◆ Data shown ◆

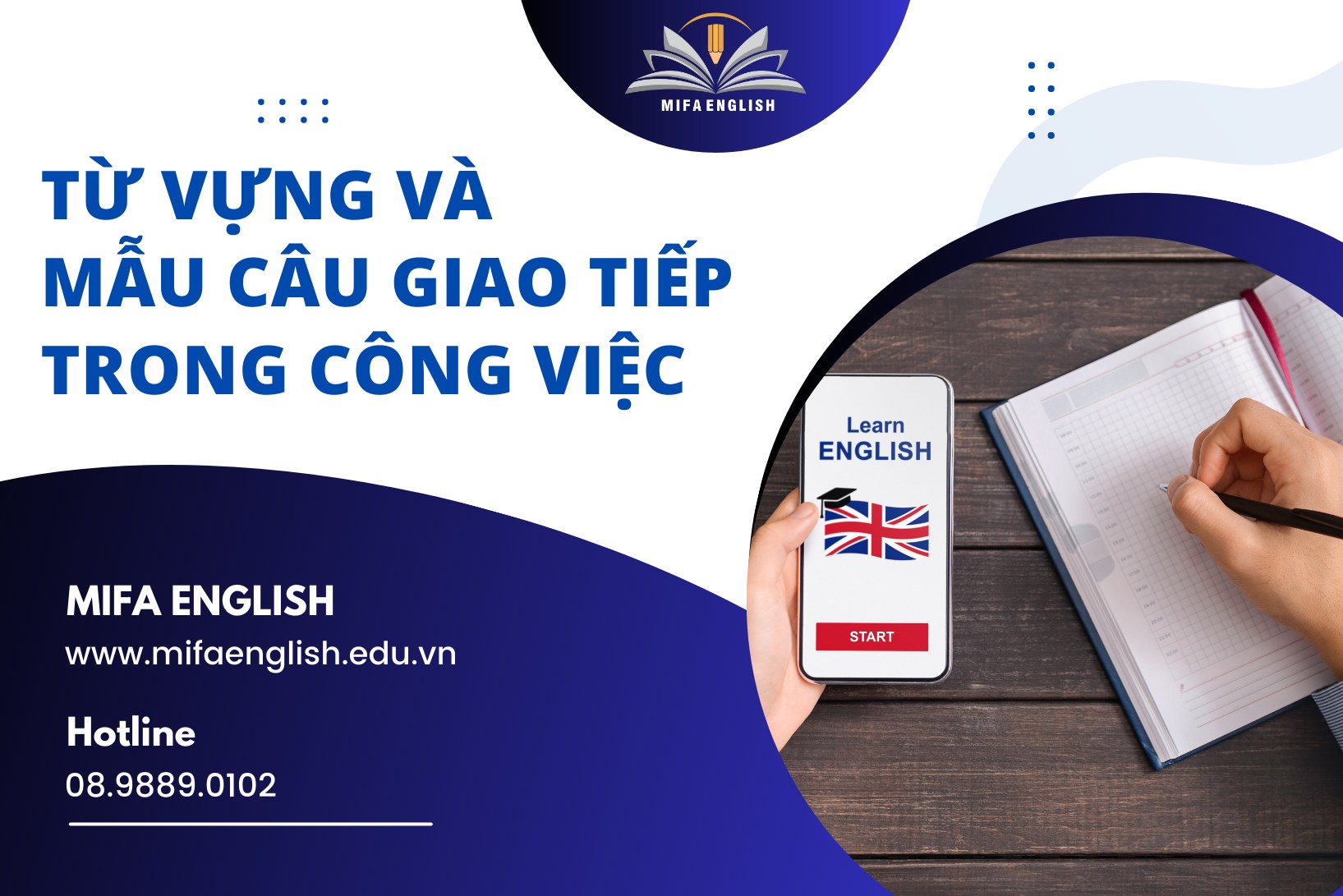 TỔNG HỢP TỪ VỰNG VÀ MẪU CÂU GIAO TIẾP TRONG CÔNG VIỆC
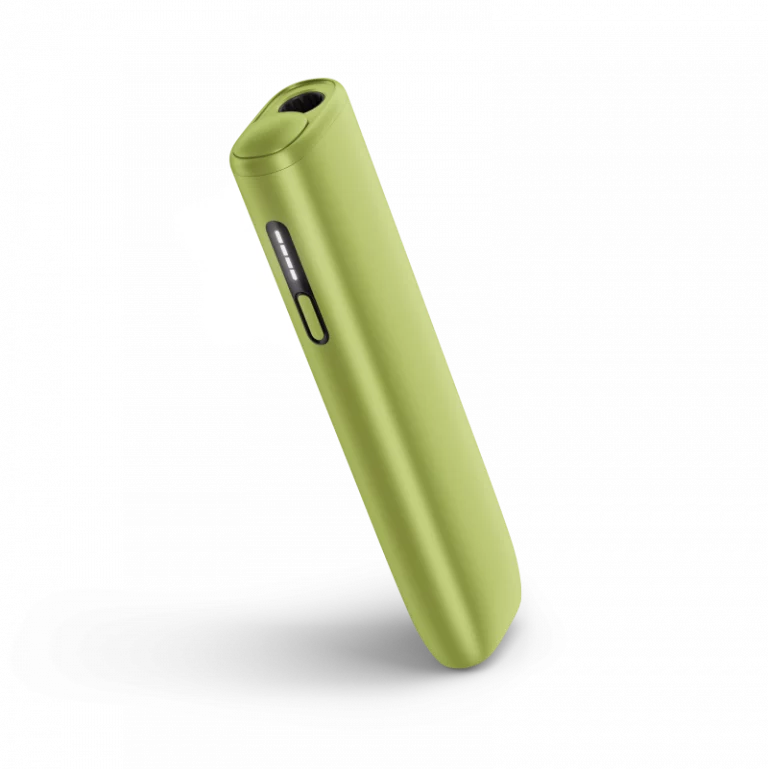 Устройство IQOS ILUMA i One Leaf Green, цвет Leaf Green — фото IQOS ILUMA, оригинал, LIL STORE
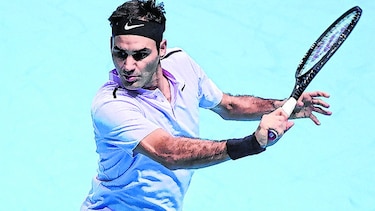 Federer vence a Cilic en Copa Masters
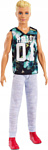 Barbie Fashionistas 116 T-Shirt Malibu (DWK44/FXL63)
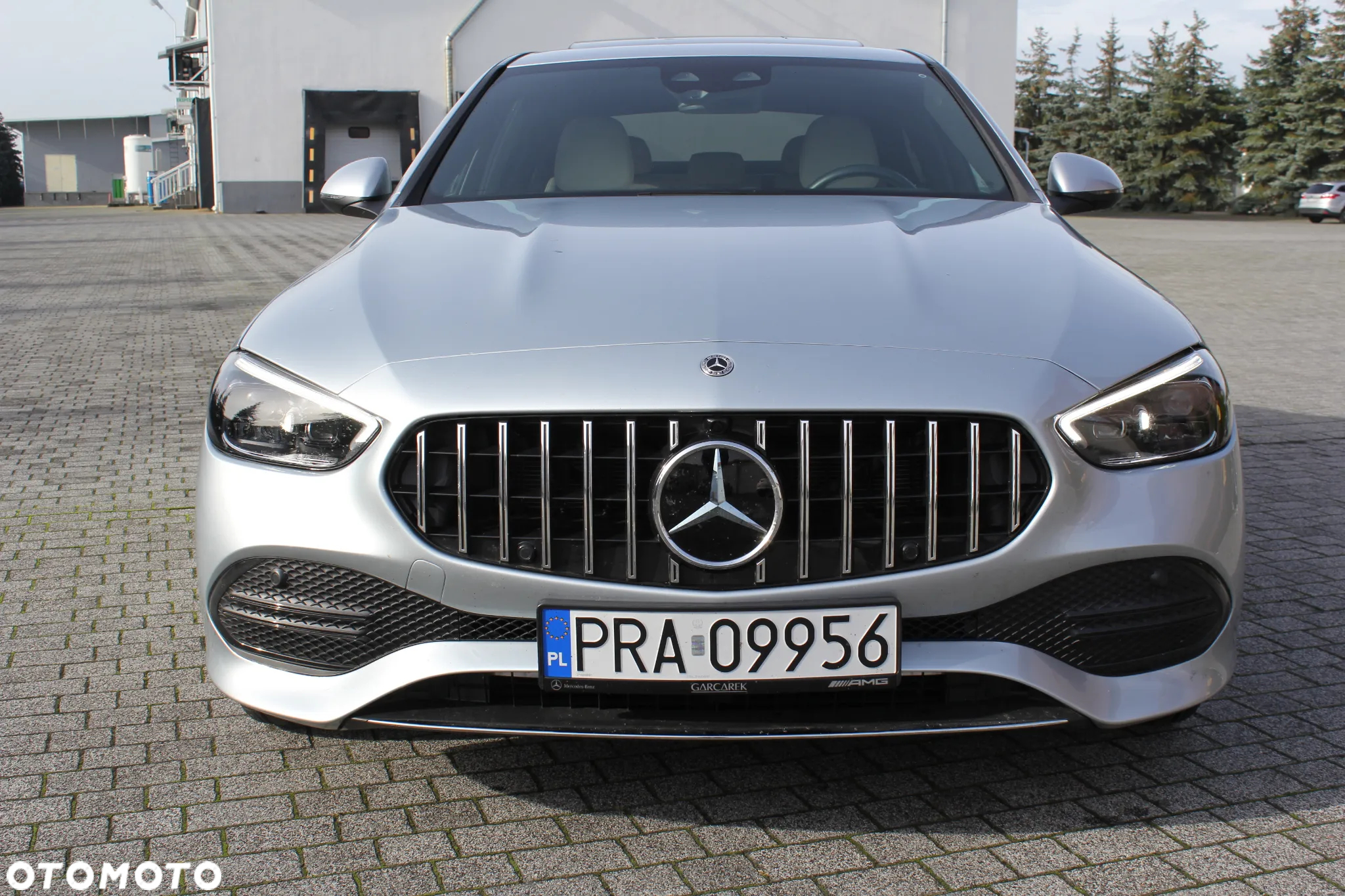 Mercedes-Benz Klasa C 220 d 4Matic T 9G-TRONIC Avantgarde - 2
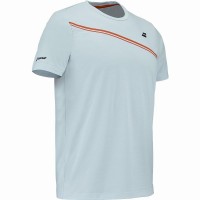 Camiseta Babolat Play Crew Col Azul Claro Junior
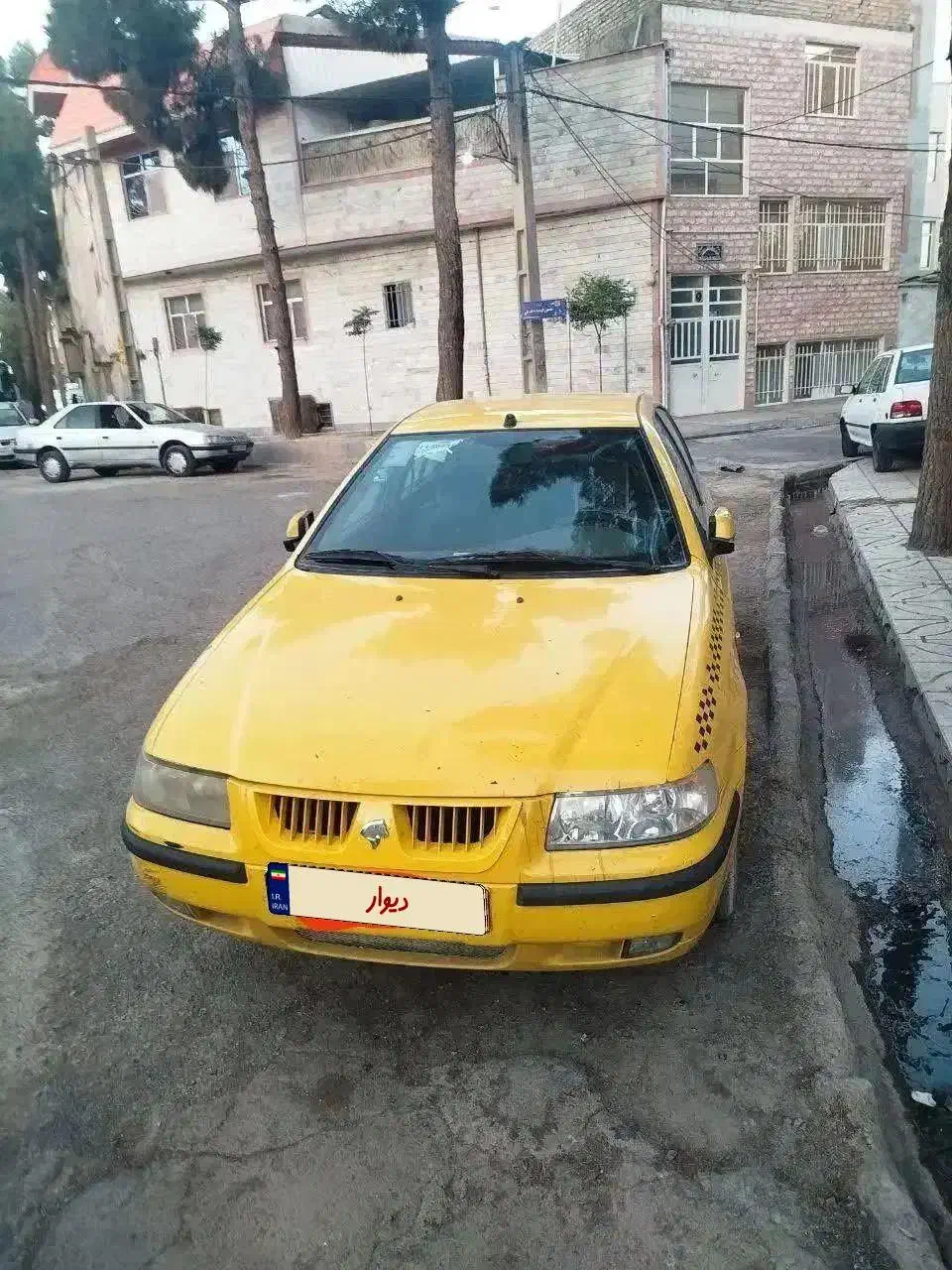 تاکسی گردشی سمند ای اف سون دوگانه سوز|خودرو سواری و وانت|کرج, گلشهر|دیوار
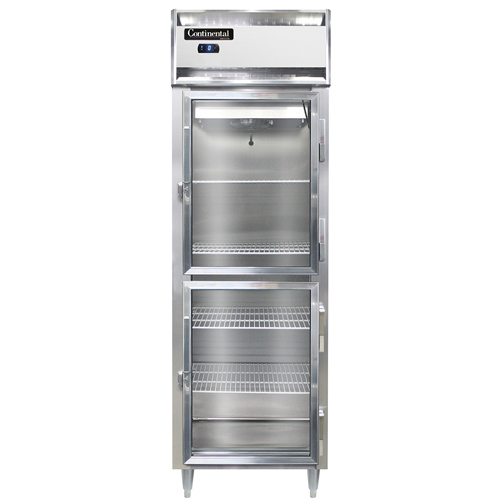 Continental Refrigerator, D1FNSAGDHD, Freezer, Reach-In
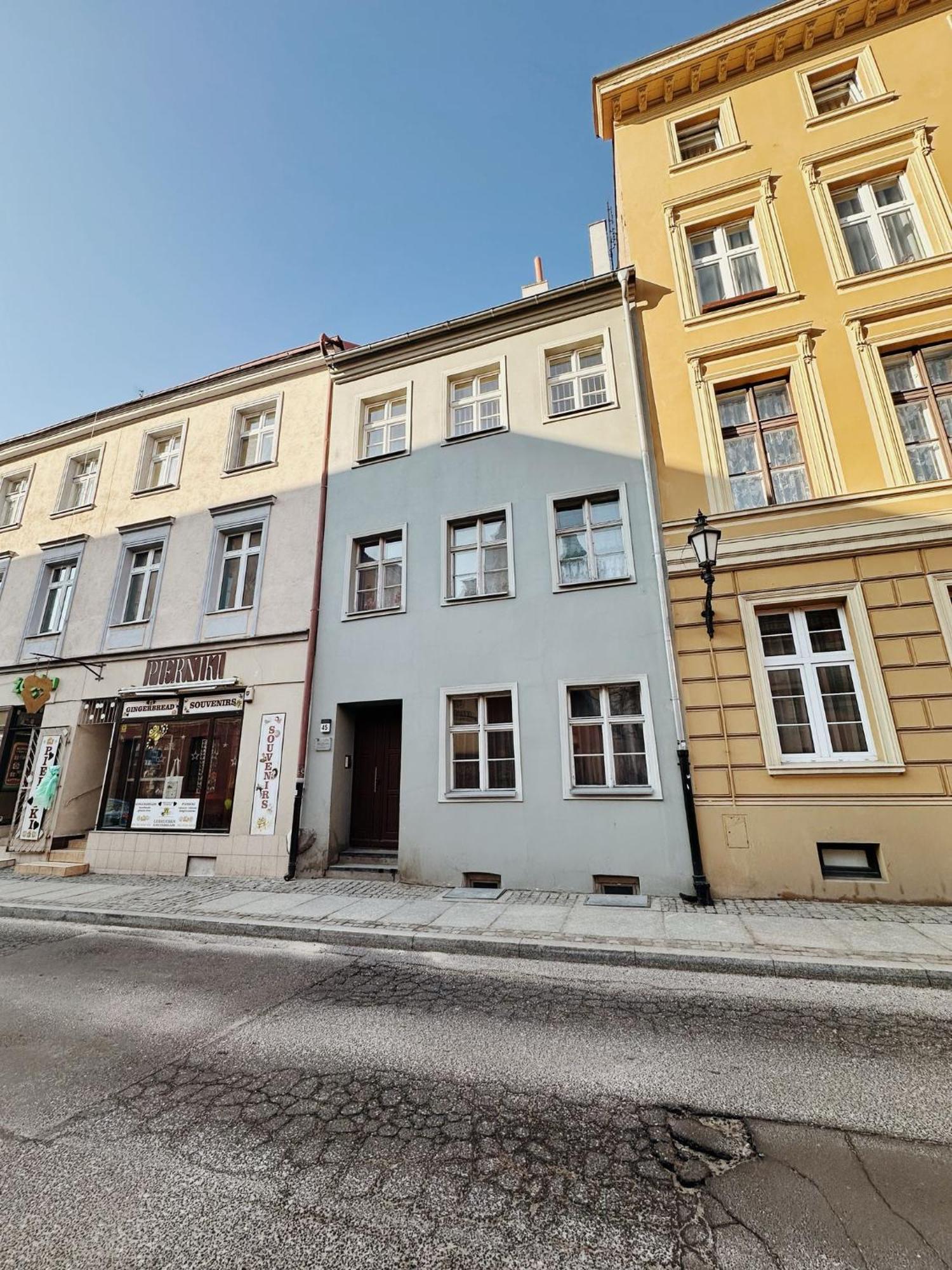 Apartament Egzotyczny Stary Toruń エクステリア 写真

◆ Problem ◆
The data shown above must be printed again exactly, with no images included.

◆ Written answer ◆
 TỔNG HỢP TỪ VỰNG VÀ MẪU CÂU GIAO TIẾP TRONG CÔNG VIỆC
 Устройство IQOS ILUMA i One Leaf Green, цвет Leaf Green — фото IQOS ILUMA, оригинал, LIL STORE
 Federer vence a Cilic en Copa Masters
 Barbie Fashionistas 116 T-Shirt Malibu (DWK44/FXL63)
 Mercedes-Benz Klasa C 220 d 4Matic T 9G-TRONIC Avantgarde - 2
 Camiseta Babolat Play Crew Col Azul Claro Junior
 تاکسی گردشی سمند ای اف سون دوگانه سوز|خودرو سواری و وانت|کرج, گلشهر|دیوار
 Continental Refrigerator, D1FNSAGDHD, Freezer, Reach-In
 Apartament Egzotyczny Stary Toruń エクステリア 写真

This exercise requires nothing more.